|
|
|
|
|
by bluecoconut
990 days ago
|
|
I think people are misreading this work, and assuming this is equivalent to full dense-attention. This is just saying its an efficiency gain over sliding window re-computation, where instead of computing the L^2 cost over and over (T times), you can re-use a cache and maintain perplexity. I don't think they are claiming that this allows for attending to content that was far away. They tested by running concatenating and measuring -> `Q A Q A Q A Q A...` not by doing `Q Q Q Q A A A A...` They also measure perplexity, showing that it produces "readable text" (coherent, locally viable); not that it is "extracting anything" from the big-triangle-gap of no-attention. I think this would fail to be given a book, then write the first word of every paragraph. Or, given a book, write a 1 sentence summary of each chapter. I might be wrong, because they didn't test tasks like this, but I'd be very very surprised. |
|
Just tested it - this definitely doesn't seem to be giving enhanced context length. It does run quickly though, can confirm it was using about 35 GB of an A100 RAM and pinned the usage for the entire duration.

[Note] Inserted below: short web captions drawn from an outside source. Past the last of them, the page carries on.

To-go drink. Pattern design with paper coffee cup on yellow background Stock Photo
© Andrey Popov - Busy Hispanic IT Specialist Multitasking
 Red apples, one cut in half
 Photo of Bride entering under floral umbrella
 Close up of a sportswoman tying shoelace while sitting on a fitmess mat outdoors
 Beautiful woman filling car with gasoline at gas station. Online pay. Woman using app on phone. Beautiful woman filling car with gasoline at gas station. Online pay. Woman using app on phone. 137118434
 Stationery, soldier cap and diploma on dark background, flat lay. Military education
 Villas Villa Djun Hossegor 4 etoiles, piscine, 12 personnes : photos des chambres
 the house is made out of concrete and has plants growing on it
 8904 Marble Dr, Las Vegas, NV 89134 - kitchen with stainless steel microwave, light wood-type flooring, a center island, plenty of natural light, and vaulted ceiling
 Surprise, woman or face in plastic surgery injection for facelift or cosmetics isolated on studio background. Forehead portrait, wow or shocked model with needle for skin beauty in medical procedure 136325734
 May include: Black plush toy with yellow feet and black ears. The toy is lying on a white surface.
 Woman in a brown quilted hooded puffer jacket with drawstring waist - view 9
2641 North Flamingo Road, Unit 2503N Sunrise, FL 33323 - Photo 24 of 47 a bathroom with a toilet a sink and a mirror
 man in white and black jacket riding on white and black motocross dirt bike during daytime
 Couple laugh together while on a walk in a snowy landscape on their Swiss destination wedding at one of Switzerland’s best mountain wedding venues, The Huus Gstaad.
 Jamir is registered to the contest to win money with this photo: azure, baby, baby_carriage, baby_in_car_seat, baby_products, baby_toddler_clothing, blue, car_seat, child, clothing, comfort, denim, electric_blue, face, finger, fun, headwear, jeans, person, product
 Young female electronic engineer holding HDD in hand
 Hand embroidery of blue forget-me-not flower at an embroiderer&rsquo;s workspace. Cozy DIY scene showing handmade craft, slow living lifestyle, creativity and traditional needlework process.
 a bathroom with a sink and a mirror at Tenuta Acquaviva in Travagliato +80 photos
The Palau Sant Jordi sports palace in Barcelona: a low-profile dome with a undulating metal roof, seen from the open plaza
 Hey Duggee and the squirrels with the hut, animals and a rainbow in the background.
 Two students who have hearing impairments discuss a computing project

I ran through by getting a book from project gutenberg, splitting it into paragraphs, and feeding them in paragraph by paragraph (asking it to say "okay" each paragraph), then at the end, asked some questions. It entirely hallucinated its answers. (also note: in the ~10 min of playing with this, i couldn't get the base model (lmsys/vicuna-13b-v1.3) to respond in english...)
https://gist.github.com/bluecoconut/9cae9e91fe3b1616ed650a96...